Desde o início, o príncipe dá a todos a impressão de ser simplório e ingênuo. Ele passa a impressão de não saber como o mundo funciona. As pessoas supõem que ele não possui experiência nas complexidades sociais. É um inocente em relação ao mundo real. Um idiota.

 

Contudo, pouco a pouco, sem que ninguém saiba explicar o que está acontecendo, o príncipe se torna a pessoa mais importante para essa gente, gente obsessiva e louca por fama, sexo ou dinheiro. Em várias situações, pessoas se interessam por ele afim de usá-lo. Mas ele não é “usável”. Porque ele não é bom em nada, ele simplesmente é bom. No meio da loucura de intrigas de pessoas lutando pelos seus objetivos, ele emerge como alguém importante apenas por sua humanidade. Nastácia Filipovna, das figuras psicologicamente mais intrigantes do romance (uma espécie de Maria Madalena, uma mulher atormentada pelos seus próprios demônios, e explorada pela sociedade), tem na pessoa do príncipe a oportunidade de amar e salvar-se.

 

A convivência com o príncipe pouco tem de ver com moralidade. Tem de ver com a beleza e a bondade. Ou melhor: com graça. Questões que não podem ser conhecidas em abstrações, mas unicamente através de serem vivenciadas. Não podem ser observadas facilmente, pois normalmente são encontradas por acaso. O príncipe nos propicia este encontro.

 

Ao longo de todo o romance, o príncipe é descrito de forma paralela à figura de Jesus. Afinal, “com um simples olhar para o príncipe podia ficar plenamente tranquilo”. Tal qual a figura desconcertante de Jesus afirma, “Vocês ouviram o que foi dito: ‘Ame o seu próximo e odeie o seu inimigo. Mas eu digo: Amem os seus inimigos e orem por aqueles que os perseguem […]”, o príncipe, sem frases de efeito, mas com atitudes de amor e bondade desconcerta toda uma sociedade à sua volta.
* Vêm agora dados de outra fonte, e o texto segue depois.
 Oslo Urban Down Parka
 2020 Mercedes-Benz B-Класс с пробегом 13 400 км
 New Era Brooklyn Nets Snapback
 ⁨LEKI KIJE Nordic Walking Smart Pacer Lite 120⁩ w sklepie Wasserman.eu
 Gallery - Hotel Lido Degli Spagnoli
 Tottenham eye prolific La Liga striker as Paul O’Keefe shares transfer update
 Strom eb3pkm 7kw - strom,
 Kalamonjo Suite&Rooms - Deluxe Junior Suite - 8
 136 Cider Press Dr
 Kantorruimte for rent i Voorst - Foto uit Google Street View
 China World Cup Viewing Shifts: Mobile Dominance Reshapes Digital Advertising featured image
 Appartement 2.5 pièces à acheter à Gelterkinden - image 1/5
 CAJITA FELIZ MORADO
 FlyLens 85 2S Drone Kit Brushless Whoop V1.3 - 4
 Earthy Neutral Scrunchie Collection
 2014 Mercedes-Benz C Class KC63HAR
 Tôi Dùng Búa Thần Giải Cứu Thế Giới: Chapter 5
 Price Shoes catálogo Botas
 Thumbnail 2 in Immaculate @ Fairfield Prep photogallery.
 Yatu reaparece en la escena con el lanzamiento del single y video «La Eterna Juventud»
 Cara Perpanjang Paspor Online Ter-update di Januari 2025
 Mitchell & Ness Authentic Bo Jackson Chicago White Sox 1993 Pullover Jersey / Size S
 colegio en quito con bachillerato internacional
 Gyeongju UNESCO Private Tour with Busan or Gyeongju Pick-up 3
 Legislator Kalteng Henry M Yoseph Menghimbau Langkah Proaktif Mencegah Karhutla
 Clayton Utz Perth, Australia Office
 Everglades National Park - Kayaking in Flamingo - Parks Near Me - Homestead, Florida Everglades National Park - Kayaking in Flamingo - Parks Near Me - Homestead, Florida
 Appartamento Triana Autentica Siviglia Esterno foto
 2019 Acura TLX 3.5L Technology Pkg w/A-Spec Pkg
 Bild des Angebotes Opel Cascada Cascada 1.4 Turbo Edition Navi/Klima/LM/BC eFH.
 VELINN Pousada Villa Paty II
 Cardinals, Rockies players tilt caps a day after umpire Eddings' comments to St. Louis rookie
Afinal, como o próprio príncipe afirma, “a essência do sentimento religioso não se enquadra em nenhum juízo, em nenhum ato ou crime ou nenhum ateísmo”, e sim em atitudes de graça.

 

Com bondade e beleza messiânicas o príncipe, como Jesus, revoluciona o mundo com humanidade.

 

A simplicidade da graça é desconcertante.